​In October 2011, Bamshad Mobasher (professor, CDM) and Robin Burke (professor, CDM) organized and chaired the fifth ACM International Conference on Recommender Systems (RecSys).* The College of Computing and Digital Media and DaMPA (DePaul Center for Data Mining and Predictive Analytics) were among the event’s sponsors. RecSys is an annual meeting of researchers and practitioners who develop and apply software applications that “recommend” or suggest choices based on preferences a user has already expressed, explicitly or implicitly.

Mobasher, Burke, and Jonathan Gemmell (PhD ’12) discuss DePaul’s prominent role in this burgeoning field.

Mobasher:  In search engines and on websites, recommender systems help people navigate the volume and complexity of information on the Web to find content, people, items, and events of actual or potential interest. The bigger idea behind recommender systems is personalization: over time, an intelligent system can learn from a user’s behavior, and then adapt to become relevant.
In the last few years, recommender systems have become very popular, and everyone’s familiar with their use on websites selling books or music. Amazon actually uses some technology we developed in 2000. Now, the new thing in this area is to make systems more intelligent and to make recommendations more useful by including a context. Say you want to go to a restaurant. Why are you going? Would you go to the same place for a date and for a business meeting? The next generation of recommender systems would “get” context. That’s a difficult problem to solve, but one of the things we’re working on.
Burke: Not a lot of people do research on recommender systems; we’re a small community. One of DePaul’s strength in this area is perspective. We bring different skills to problem solving — Bamshad is a data mining guy; I’m a knowledge base guy. In being able to look at challenges from multiple angles, we can create hybrid recommender systems that sometimes draw on data patterns, sometimes draw on information embedded in the software, or sometimes draw on algorithms.  We’ve found we get better results that way — systems that are capable of more sophisticated and subtle processing.
Mobasher: Another challenge we’re working on is the introduction of novelty. 
Wonder if a recommendation could be not just useful (and often obvious), but surprising? Wonder if the system could suggest something that the user wouldn’t think of on his own but would still like?
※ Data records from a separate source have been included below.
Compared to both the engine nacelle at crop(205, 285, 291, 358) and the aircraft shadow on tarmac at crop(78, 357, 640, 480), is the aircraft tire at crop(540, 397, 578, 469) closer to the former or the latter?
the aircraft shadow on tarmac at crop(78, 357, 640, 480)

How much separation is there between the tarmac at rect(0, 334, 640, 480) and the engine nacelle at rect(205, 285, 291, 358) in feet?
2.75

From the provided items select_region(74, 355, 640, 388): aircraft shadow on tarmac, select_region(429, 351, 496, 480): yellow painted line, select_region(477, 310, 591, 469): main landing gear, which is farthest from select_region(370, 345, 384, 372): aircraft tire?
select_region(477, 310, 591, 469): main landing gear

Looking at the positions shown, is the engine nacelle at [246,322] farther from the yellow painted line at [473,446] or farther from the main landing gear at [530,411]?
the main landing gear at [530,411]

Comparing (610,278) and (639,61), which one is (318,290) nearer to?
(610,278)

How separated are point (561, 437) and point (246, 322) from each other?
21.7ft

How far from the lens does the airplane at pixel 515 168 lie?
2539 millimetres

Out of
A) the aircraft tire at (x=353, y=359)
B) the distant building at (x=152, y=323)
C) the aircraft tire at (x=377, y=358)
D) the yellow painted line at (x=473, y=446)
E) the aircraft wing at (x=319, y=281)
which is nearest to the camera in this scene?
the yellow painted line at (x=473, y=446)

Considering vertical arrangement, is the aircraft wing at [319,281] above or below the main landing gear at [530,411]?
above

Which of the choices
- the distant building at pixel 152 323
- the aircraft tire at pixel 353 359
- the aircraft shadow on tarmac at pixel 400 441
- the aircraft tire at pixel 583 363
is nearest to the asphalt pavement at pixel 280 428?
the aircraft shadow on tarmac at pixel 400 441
A system with serendipity is really hard to achieve. We’re also exploring ways to factor in elements of social media — including “hot topics” that emerge, evolve, and dissipate over time — to increase or improve personalization.
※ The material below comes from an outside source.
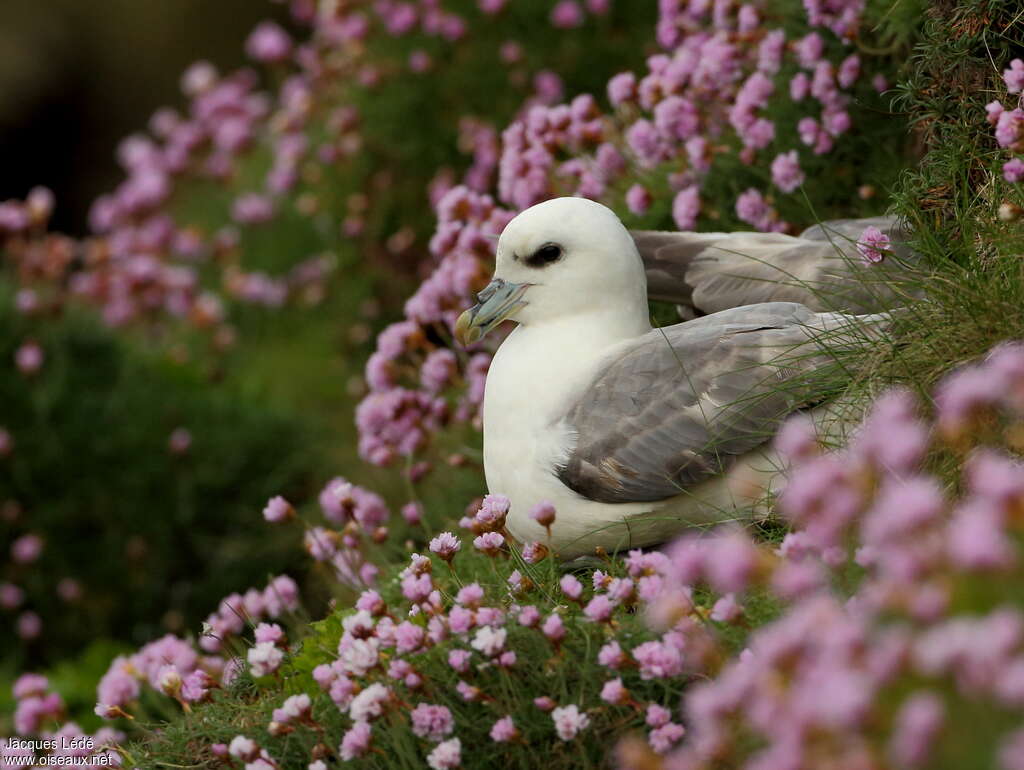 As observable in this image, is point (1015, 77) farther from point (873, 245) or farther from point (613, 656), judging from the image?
point (613, 656)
Burke: This is definitely an applied field. Recommendations don’t happen in the abstract; they’re driven by consumption. The ultimate test of a system’s success is its use by real people.  Also, every recommendation system is a little different — books are not sweaters are not recipes are not romantic partners.  An endless number of problems for us to solve! It’s not surprising that, since DePaul leads in doing the cutting-edge research, our graduates end up working in the best companies.
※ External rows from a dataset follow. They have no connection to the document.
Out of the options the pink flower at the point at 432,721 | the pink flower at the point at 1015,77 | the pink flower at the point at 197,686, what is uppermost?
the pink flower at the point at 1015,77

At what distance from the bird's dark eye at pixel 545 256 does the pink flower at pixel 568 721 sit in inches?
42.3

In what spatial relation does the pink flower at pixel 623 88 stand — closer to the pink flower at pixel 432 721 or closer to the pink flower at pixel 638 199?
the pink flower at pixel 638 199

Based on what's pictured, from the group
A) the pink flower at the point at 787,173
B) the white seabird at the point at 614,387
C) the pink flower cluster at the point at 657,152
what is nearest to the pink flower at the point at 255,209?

Gemmell: At this year’s RecSys Conference, 300 computer scientists from academia and industry presented papers and shared their research, talking about what they’re doing to recognize user preferences. The last line of each presentation was “We’re hiring!”  Each year, the use of recommender systems just increases: it’s a good time to be in this field. At the same time, our recommender systems research group is among the top five internationally. We’re recognized leaders – and that makes it a great time to be in DePaul’s graduate program.”

* ACM (Association for Computing Machinery) is the premier computing professional organization in the world, and RecSys is the top international conference on recommender systems. The Chicago conference attracted participants from such companies as Google, Microsoft, Yahoo, Netflix, Pandora, Motorola, IBM, Comcast, Linkedin, Facebook, Twitter, Telefonica, Technicolor, and many others. Topics at this year’s conference covered ground-breaking work in music recommendation, movie recommendation, “context aware” recommender systems, and personalization in mobile applications.